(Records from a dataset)
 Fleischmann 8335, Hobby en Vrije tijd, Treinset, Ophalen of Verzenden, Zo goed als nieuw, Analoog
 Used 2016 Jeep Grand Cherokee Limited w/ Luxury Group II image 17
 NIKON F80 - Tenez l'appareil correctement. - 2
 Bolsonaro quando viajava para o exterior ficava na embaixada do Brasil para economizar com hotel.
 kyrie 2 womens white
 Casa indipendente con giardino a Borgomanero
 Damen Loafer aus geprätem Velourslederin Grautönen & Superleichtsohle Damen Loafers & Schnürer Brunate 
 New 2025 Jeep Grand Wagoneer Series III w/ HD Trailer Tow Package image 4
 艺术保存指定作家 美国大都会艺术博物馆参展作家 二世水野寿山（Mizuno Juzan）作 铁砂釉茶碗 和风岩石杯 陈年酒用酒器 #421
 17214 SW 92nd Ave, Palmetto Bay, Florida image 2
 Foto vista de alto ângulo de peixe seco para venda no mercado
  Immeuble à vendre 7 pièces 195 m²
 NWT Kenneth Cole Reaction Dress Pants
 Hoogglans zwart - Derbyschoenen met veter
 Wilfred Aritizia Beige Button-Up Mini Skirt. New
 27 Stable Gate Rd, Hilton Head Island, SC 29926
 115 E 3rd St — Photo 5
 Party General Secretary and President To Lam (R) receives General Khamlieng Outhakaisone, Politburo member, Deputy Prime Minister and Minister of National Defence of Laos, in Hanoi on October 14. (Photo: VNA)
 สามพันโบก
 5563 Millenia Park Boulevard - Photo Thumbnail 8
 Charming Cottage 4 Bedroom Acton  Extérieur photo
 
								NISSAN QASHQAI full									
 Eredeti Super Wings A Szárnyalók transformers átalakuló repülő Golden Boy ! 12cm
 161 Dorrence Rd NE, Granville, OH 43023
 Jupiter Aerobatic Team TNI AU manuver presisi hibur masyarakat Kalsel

[Work instructions]:
Write out, from the lines above, only those from the line with "27 Stable Gate" to the line with "5563 Millenia Park", exactly as given, including the first and the last.

[Result for this task]:
 27 Stable Gate Rd, Hilton Head Island, SC 29926
 115 E 3rd St — Photo 5
 Party General Secretary and President To Lam (R) receives General Khamlieng Outhakaisone, Politburo member, Deputy Prime Minister and Minister of National Defence of Laos, in Hanoi on October 14. (Photo: VNA)
 สามพันโบก
 5563 Millenia Park Boulevard - Photo Thumbnail 8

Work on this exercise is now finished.